Doctor Sleep is a sequel to Stanley Kubrick's The Shining. A film generally considered to be one of the scariest films of all time. It takes serious balls to make a sequel to a film like that but happily Doctor Sleep is up to the task. Mostly. It's a considered, atmospheric, beautiful looking and surprisingly warm look at the damage, physically and psychologically, violence can have on a person's psyche and how those people yearn to give back, to be whole again. Danny, now Dan, is a broken man, using whiskey and class A's to block out his past and when he gets a chance to make something of himself he grabs it with both hands. This earlier part of the film was my favourite, full of empathy and it sees Ewan McGregor at his best but ya know this is a horror film, and bad things must happen.

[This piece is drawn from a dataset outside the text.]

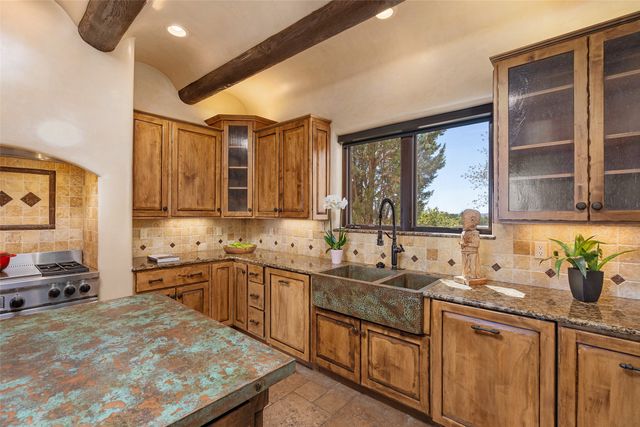 2 Green Meadow Loop, Santa Fe, NM 87506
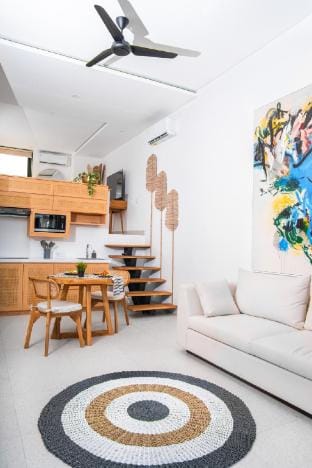 Karra Loft - Close to Beach, 1/1 (1st floor) Apartment in North Kuta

And my god do they. The True Knot are a nasty bunch of bastards and Rebecca Ferguson's Rose The Hat is one seriously warped individual as we see in a truly disturbing murder scene. It's the stuff of nightmares but thankfully director Mike Flanagan plays it off the reactions of attacker and victim instead of revelling in the gore of the situation. He knows when to hold back, especially in the earlier part of the film before letting loose later. The Shining was a supernatural tale but Doctor Sleep really leans into that side of things. Flying, glowing, evaporating, ripping, tearing, screaming, all that good stuff. Fans of the earlier film may roll their eyes at the silliness but for me it worked and it's pleasing that this sequel isn't just a cheap retread of the earlier film.


That is, until it is and it's here the movie stops being it's own beast and falls into fan service mode (an earlier scene in a doctors office is a straight up wink at the camera). It feels forced and there's way too many nods towards the original film that may make you roll your eyes but thankfully the film and it's three leads create such goodwill in the earlier stages that it makes the ending easier to swallow. If you haven't seen the original BTW, you might have a hard time with this. There's a lot of story going on with very little explanation for the newbies. If you have seen the original you'll like that fact that this time the story is far more humane and less detached emotionally as Kubrick's films tended to be. The Shining's opening scenes floated above the countryside, away from it's characters. Doctor Sleep's start above but zoom in fast. There's instantly more interest in the characters and it's why for me Doctor Sleep succeeds as a horror.

This is worth a watch. It's a well made and very well acted movie. It's always nice when a belated sequel doesn't tarnish an original. The old days when a Stephen King adaption was a guaranteed stinker are well over. Now the talent and effort his work deserves is poured on and we, the audience, get to lap it up.

In cinemas everywhere from today.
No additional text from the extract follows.